The pictures stay out; all of the data is to be printed exactly.
*** Raw data ***
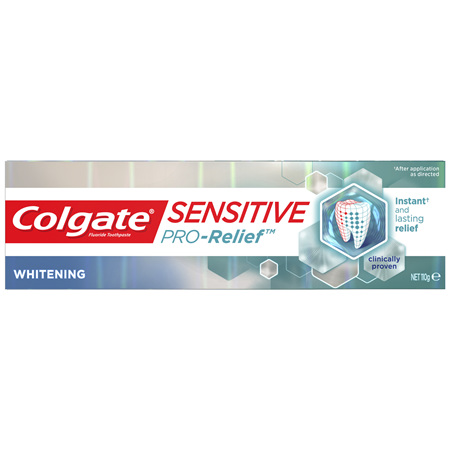 Colgate Sensitive Pro-Relief Whitening Sensitive Teeth Pain Toothpaste 110g
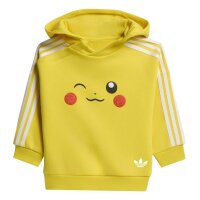 adidas LO Hoodie Set Baby - yellow/black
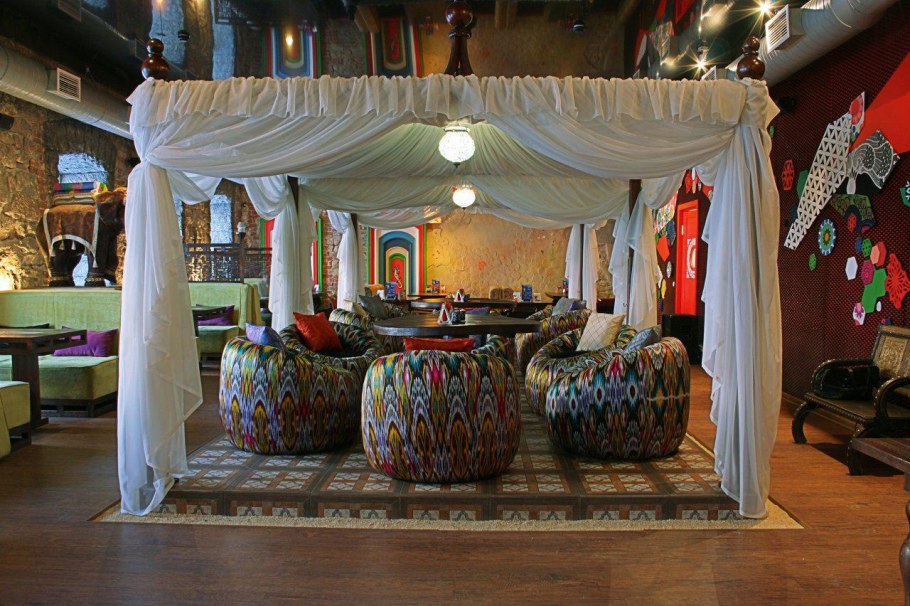 Интерьер Восточный Чайхана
***
Result for this task:
 Colgate Sensitive Pro-Relief Whitening Sensitive Teeth Pain Toothpaste 110g
 adidas LO Hoodie Set Baby - yellow/black
 Интерьер Восточный Чайхана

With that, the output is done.